Experimental Design Details
Experimental Design
Subjects are randomly allocated into 5 treatments and 10 sessions. Each treatment contains 2 sessions and around 54 participants (around 27 participants per session). The 5 treatments are:
- Baseline_payment_end: the baseline group, in which the employees receive their formal task payment in the 3 minutes break time by the end of the formal task phase.
- Treatment_payment_begin: the employees receiver their formal task payment in the 3 minutes break time before the formal task phase starts.
- Treatment_payment_middle: the employees receiver their formal task payment in the 3 minutes break time right in the middle of the two parts of the formal task phase.
- Treatment_emotion_begin: the employees receive their formal task payment in the 3 minutes break time by the end of the formal task phase, the employees watch a 3 minutes muted comedy video of Charlie Chaplin’s movie on their own screen in the 3 minutes break time before the formal task phase starts.
- Treatment_emotion_middle: the employees receive their formal task payment in the 3 minutes break time by the end of the formal task phase, the employees watch a 3 minutes muted comedy video of Charlie Chaplin’s movie on their own screen in the 3 minutes break time right in the middle of the two parts of the formal task phase.

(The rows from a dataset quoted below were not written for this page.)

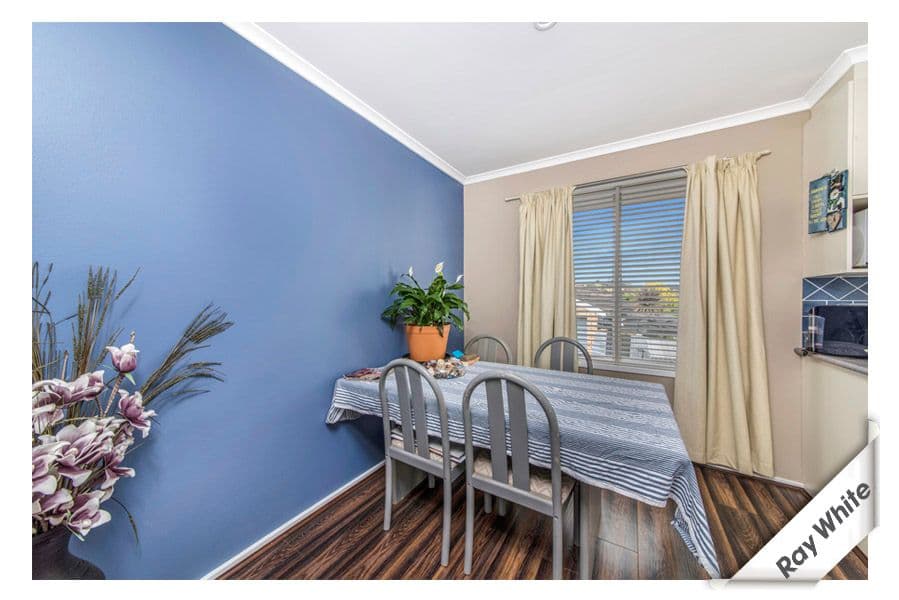 59 Thorpe Avenue, QUEANBEYAN NSW 2620, Queanbeyan - Thumbnail 4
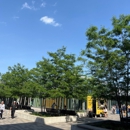 Empire Outlets New York City - Outlet Malls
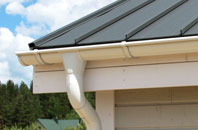 Knutsford soffits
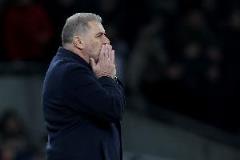 熱刺本賽季聯(lián)賽已遭21次失利，近6場英超未取勝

Each session lasts for about 1 hour.
• The employer’s experimental procedure (an example of Treatment_payment_begin and Treatment_payment_middle):
- At the beginning of the experiment, read the (priming) material on the screen.
- Chooses the timing to pay the employees.
- Prepare the payment and receipt to be given to the employees.
- Go to the employee’s room, pay the employees, collect the receipt and return to own room.
- View the employees instantaneous task performance on the screen.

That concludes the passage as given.